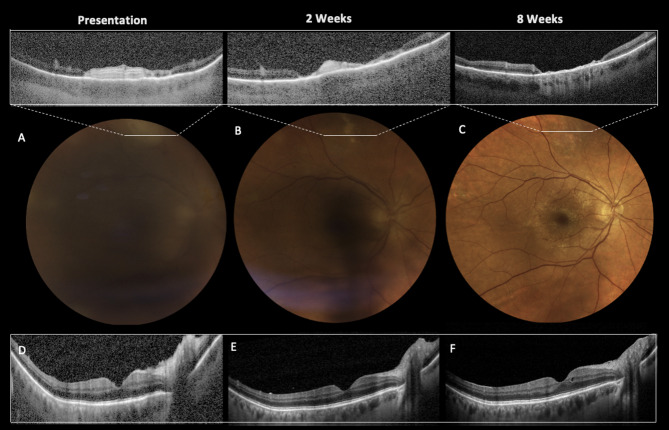 Unilateral uveitis following adjuvanted Varicella-Zoster subunit vaccine in a patient with previously resolved Varicella Zoster acute retinal necrosis.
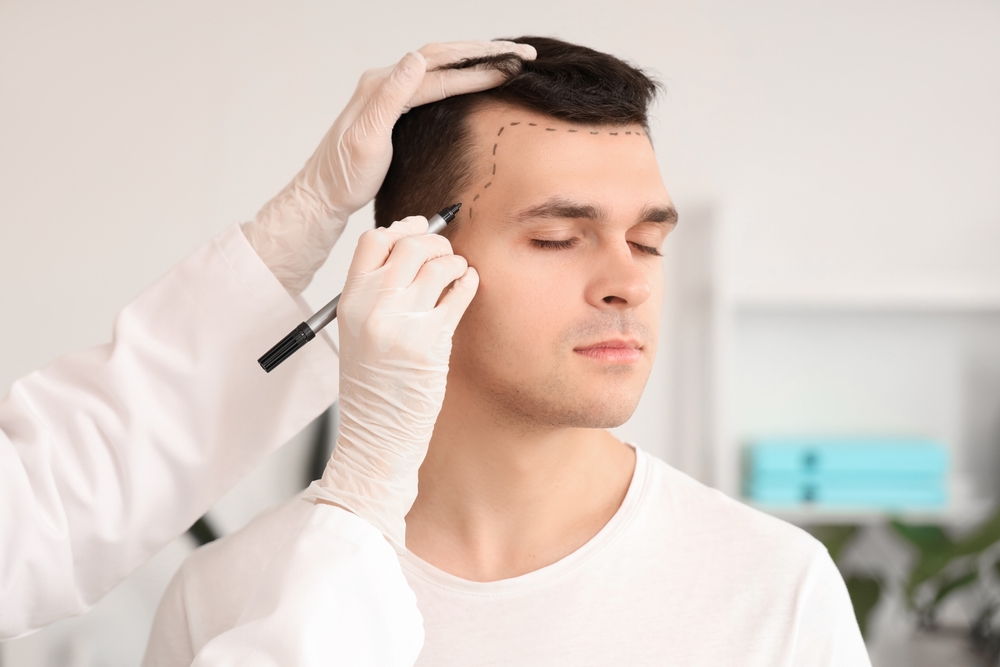 Why Is Turkey the Global Leader in FUE Hair Transplant?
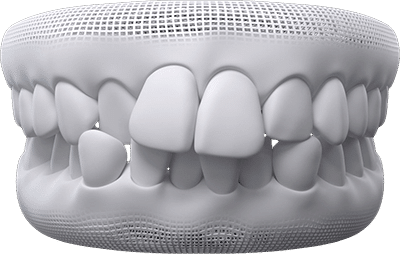 crowded teeth example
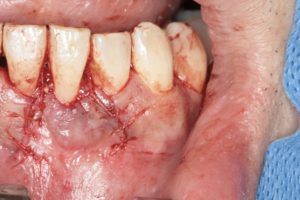 歯周病再生治療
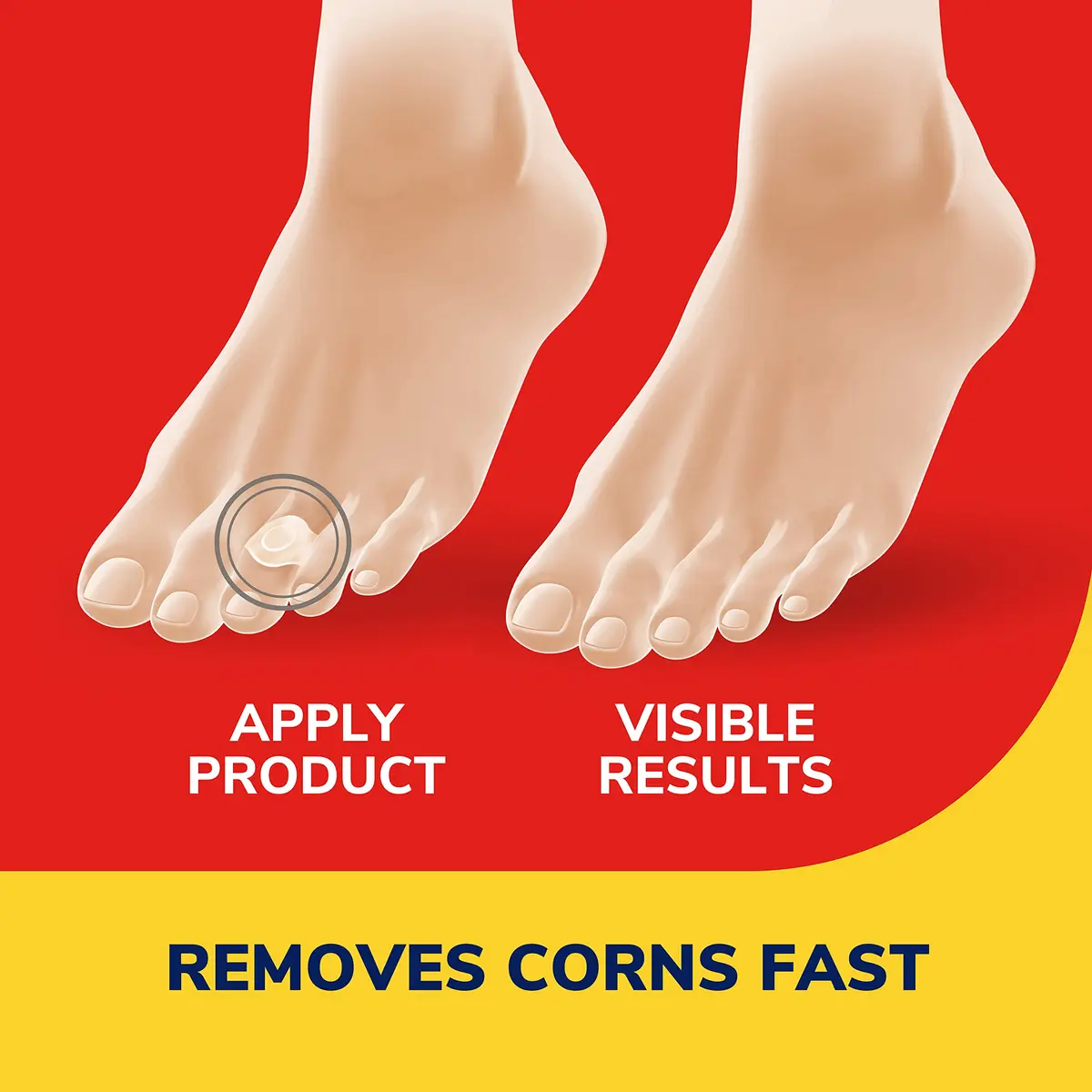 Dr. Scholl's Corn REMOVERS 9 Ct | Fast Corn Removal, Maximum Strength, All Day Stay - view 3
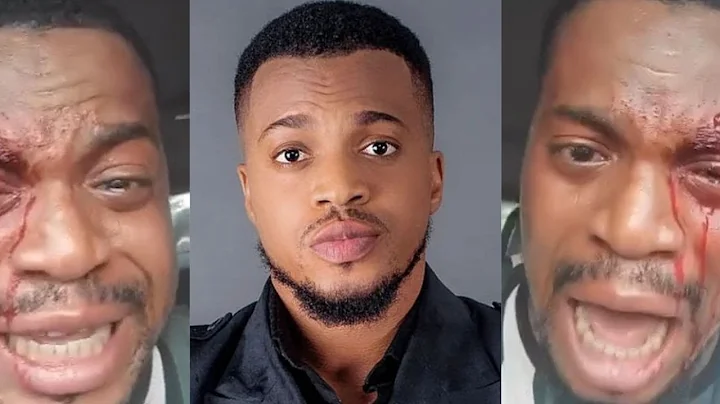 Actor Akeem Adeyemi attacked on movie set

★ ★ ★ ★ ★ ★ ★

**AIM OF THE EXERCISE:** Every line above is to be reproduced verbatim, and the pictures are to be omitted.

**OUTPUT FOR THIS TASK:**
 Unilateral uveitis following adjuvanted Varicella-Zoster subunit vaccine in a patient with previously resolved Varicella Zoster acute retinal necrosis.
 Why Is Turkey the Global Leader in FUE Hair Transplant?
 crowded teeth example
 歯周病再生治療
 Dr. Scholl's Corn REMOVERS 9 Ct | Fast Corn Removal, Maximum Strength, All Day Stay - view 3
 Actor Akeem Adeyemi attacked on movie set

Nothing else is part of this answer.